For those that would otherwise see significant increases in their rates liability, the Government has put in place a £3.6 billion transitional relief scheme to limit and phase in changes in rate bills as a result of the 2017 revaluation. To help pay for the limits on increases in bills, there also have to be limits on reductions in bills. Under the transitional scheme, limits continue to apply to yearly increases and decreases until the full amount is due (rateable value times the appropriate multiplier). The scheme applies only to the bill based on a property at the time of the revaluation. If there are any changes to the property after 1st April 2017, transitional arrangements will not normally apply to the part of a bill that relates to any increase in rateable value due to those changes. Changes to your bill as a result of other reasons (such as changes to the amount of small business rate relief) are not covered by the transitional arrangements.

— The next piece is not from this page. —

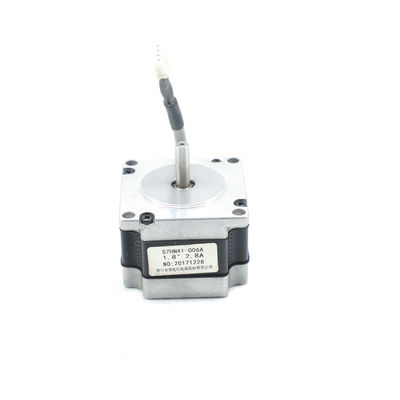 Nema 23 2.8 A 57mm Hybrid Stepper Motor 1.8 Graad 0.72NM 640 oz 2mH 57HN41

The transitional arrangements are applied automatically and are shown on the front of your bill. Further information about transitional arrangements and other reliefs may be obtained from www.gov.uk/introduction-to-business-rates. More information on the 2017 revaluation can be found at www.gov.uk/introduction-to-business-rates/revaluation
Business rates will not be payable in the first three months that a property is empty. This is extended to six months in the case of certain industrial properties. After this period rates are payable in full unless the unoccupied property rate has been reduced by the Government by order. In most cases the unoccupied property rate is zero for properties owned by charities and community amateur sports clubs. In addition, there are a number of exemptions from the unoccupied property rate. Full details on exemptions can be obtained from your local authority. If the unoccupied property rate for the financial year has been reduced by order, it will be shown on the front of your bill.
The Government has introduced a temporary measure for unoccupied new builds from October 2013. Unoccupied new builds will be exempt from unoccupied property rates for up to 18 months (up to state aid limits) where the property comes on to the list between 1st October 2013 and 30th September 2016. The 18 month period includes the initial 3 or 6 month exemption and so properties may, if unoccupied, be exempt from non-domestic rates for up to an extra 15 or 12 months.
Ratepayers do not have to be represented in discussions about their rateable value or their rates bill. However, ratepayers who do wish to be represented should be aware that members of the Royal Institution of Chartered Surveyors (RICS - website www.rics.org) and the Institute of Revenues, Rating and Valuation (IRRV - website www.irrv.org.uk) are qualified and are regulated by rules of professional conduct designed to protect the public from misconduct.
Before you employ a rating adviser, you should check that they have the necessary knowledge and expertise, as well as appropriate indemnity insurance. Take great care and, if necessary, seek further ad-vice before entering into any contract.
Information relating to the relevant and previous financial years in regard to the gross expenditure of the council is available here. A hard copy is available on request by writing to the council or at 01772 625238/625239.
Your account shows the monthly instalments to be paid on the due date (1st of the month) unless you pay by Direct Debit . You should ensure that payment reaches this office by the due date. If your account falls into arrears a reminder will be issued and if you fail to make payment as required, your right to pay by instalments will be withdrawn. A summons will follow and the council will request the Magistrates to issue a Liability Order.
This means there will be alternative courses of action available to the Council in pursuing payment, incurring costs, which will be payable by you.